Cada tarde es una estación,

una jornada sin relojes,

un tiempo de luces y sombras

sobre las murallas, los pisos,

las ventanas abiertas

y sus ecos suavemente deshabitados.

 

El libro abierto

parece un mapa sin viaje,

pero cada palabra,

cada página

te lleva a un lugar que conoces

sin saberlo.

 

Afuera, el viento murmura suave,

mueve las hojas del ciruelo y la menta,

pero adentro,

en el rincón donde te sientas,

el mundo está detenido

y el tiempo se vuelve

tan pequeño y liviano como el polvo

que cubre el marco de la ventana.

 

¿Qué puede haber más verdadero

que este instante?

Ni los minutos, ni la prisa,

ni el silencio,

solo tú, solo yo,

y las pequeñas que corren por el patio

en el crepúsculo del día,

con la certeza de que nada más es necesario

para disfrutar y existir.


Esta poesía no busca deslumbrar: busca decir lo que duele, lo que pasa desapercibido, lo que vuelve una y otra vez sin pedir permiso. Es una escritura de lo íntimo sin ser sentimentalista, de lo político sin panfleto, del paso del tiempo sin dramatismo.
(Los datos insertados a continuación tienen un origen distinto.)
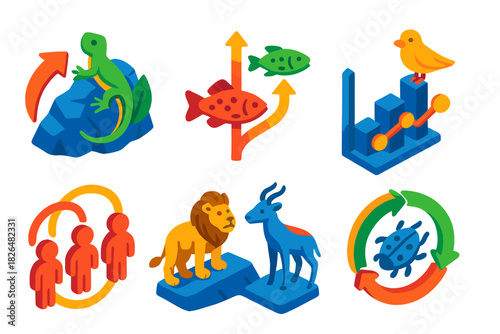 Evolutionary Pathway Icons. Isometric vector illustration set Apparent purposefulness in organisms: adaptations and functional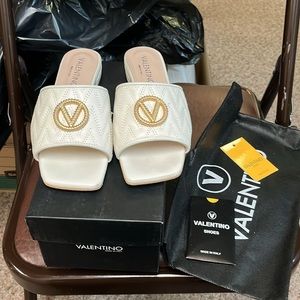 Valentino Cream Sandals with Gold Logo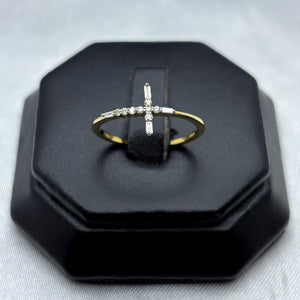 #ADX10105 - Anillo Cruz Con Diamante Natural Oro 10K - LX275/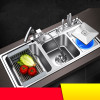 kitchen sink stainless steel double bowl above counter or udermount sinks vegetable washing basin 1.2mm thickness sinks kitchen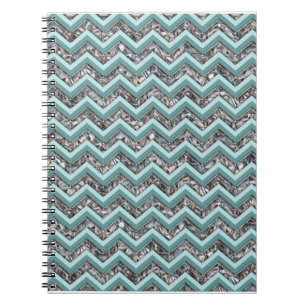 Carnet Verre coupé foncé et Zigzag Turquoise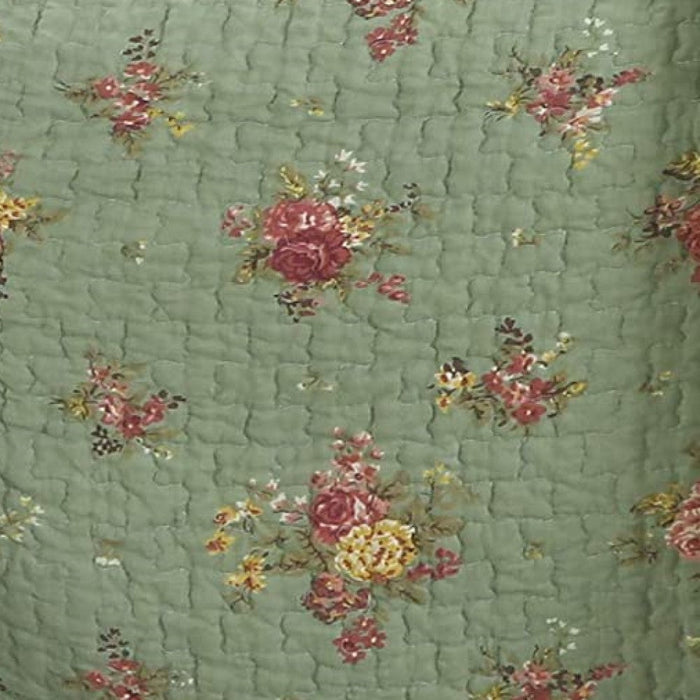 Green Floral Scalloped Edge Cotton Reversible Quilted Throw Blanket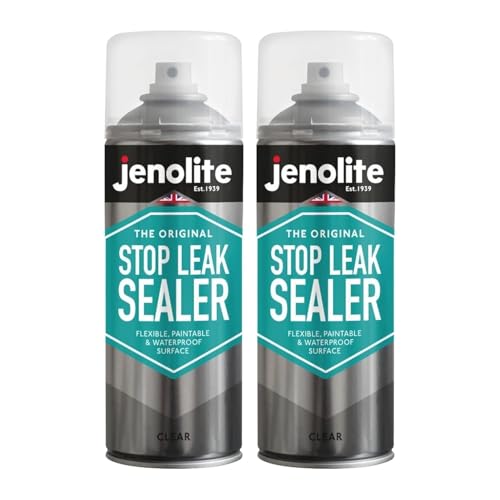 JENOLITE Stop Leak Sigillante Spray | TRANSPARENTE | 2x400ml | Sigilla Grondaie, Ripara Perdite sul Tetto | Impermeabilizzante Spray Sigillante | Sigillante impermeabile di lunga durata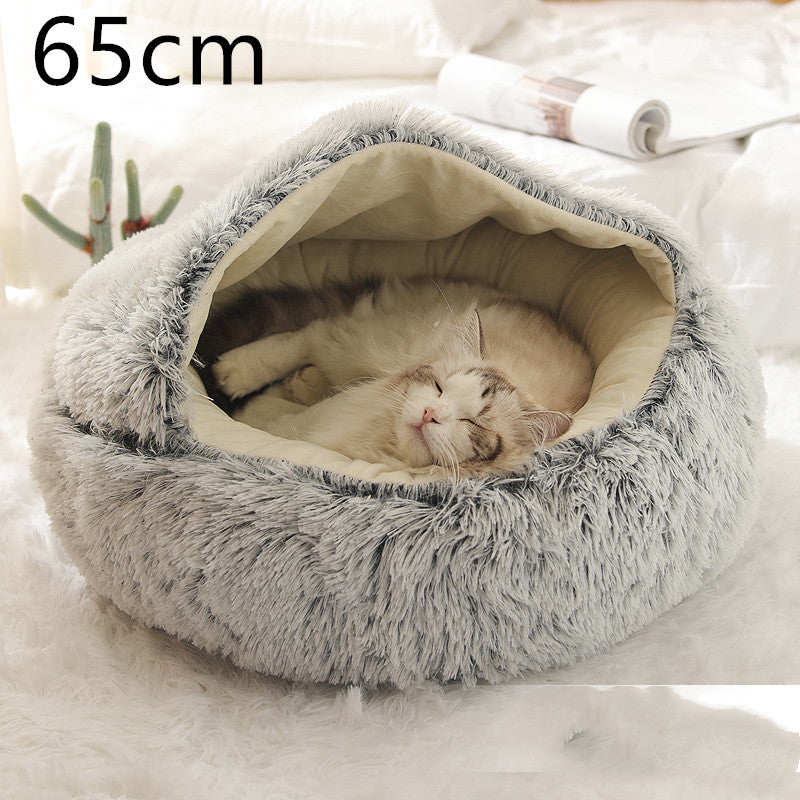 2 In 1 Dog And Cat Winter Round Bed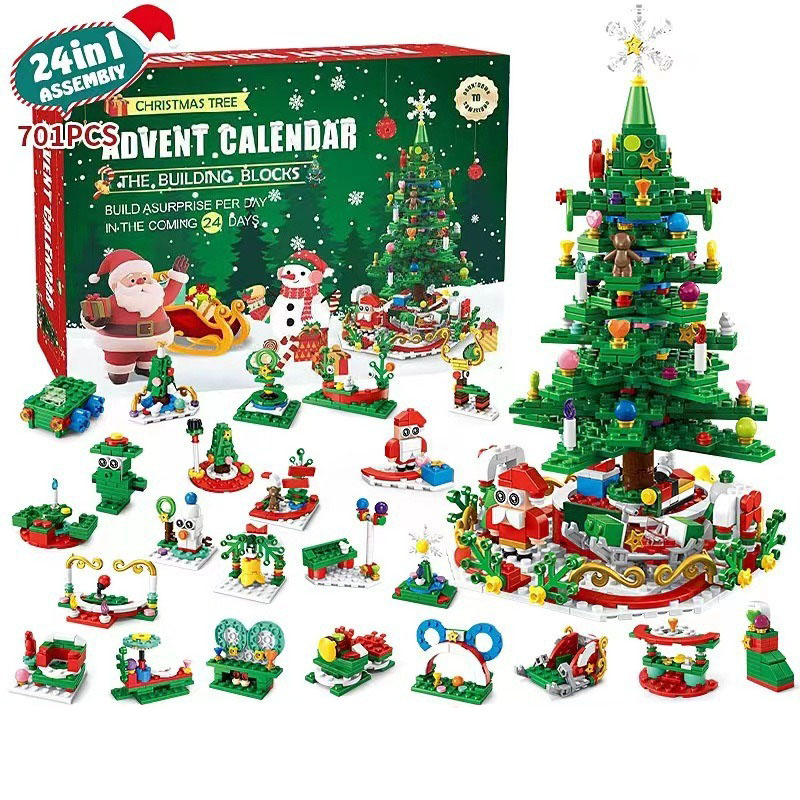 Advent Calendar Gift - ホットクリスマスシリーズアドベントカレンダーギフトボックス24日間カウントダウンカレンダーボックスクリスマスツリーブリックモデル新年クリスマスギフト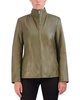 Cole Haan Smooth Leather Wing Collar Jacket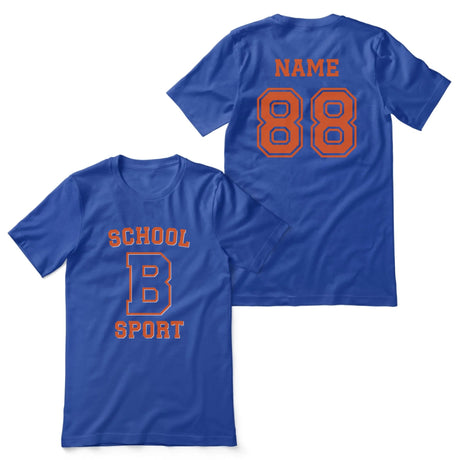 Custom School Spirit Shirt With School, Initial & Sport Name With Collegiate Letter Design on a Unisex T-Shirt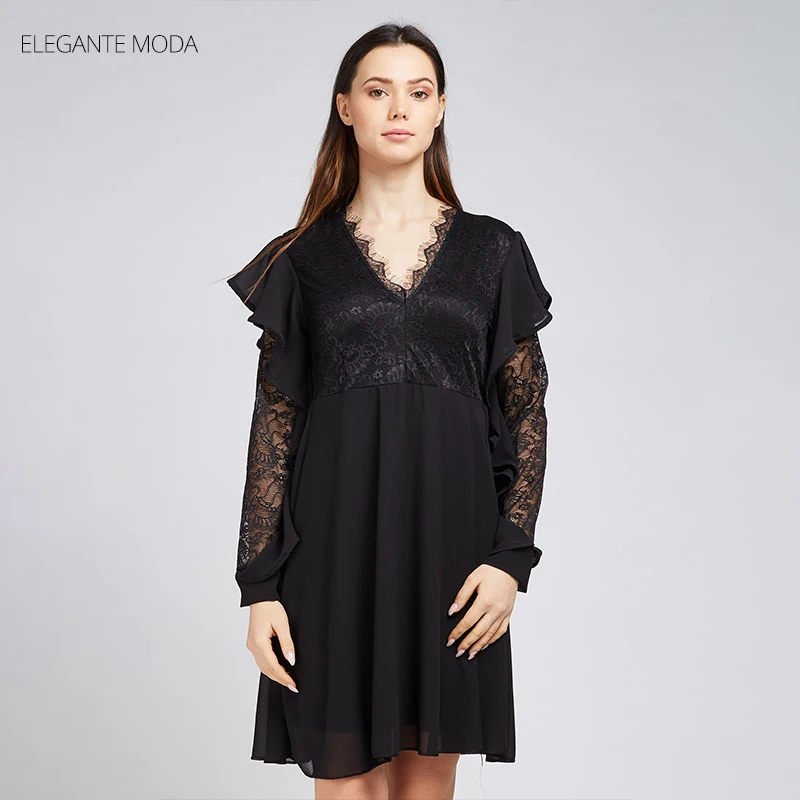 Elegante Moda 2019 весенне-летнее модное женское повседневное кружевное черное платье с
Cada poema parece surgir de una experiencia reconocible, pero no por ello banal. Al contrario: su fuerza radica en cómo logra elevar lo doméstico, el silencio, el polvo o una taza de café a la categoría de lo trascendente.

Formalmente, hay una preferencia por el verso libre, el tono conversacional y una cadencia que recuerda más al habla pensante que a la retórica poética tradicional. A veces se cuela un humor discreto, otras veces una ternura contenida, pero en todos los casos hay una mirada honesta, casi confesional, que invita a la cercanía.

Podría decirse que estos poemas no son para ser leídos en voz alta en un escenario: son para ser leídos en voz baja, con una taza de té, a la hora en que el mundo se detiene un poco. En ese momento, su resonancia es profunda.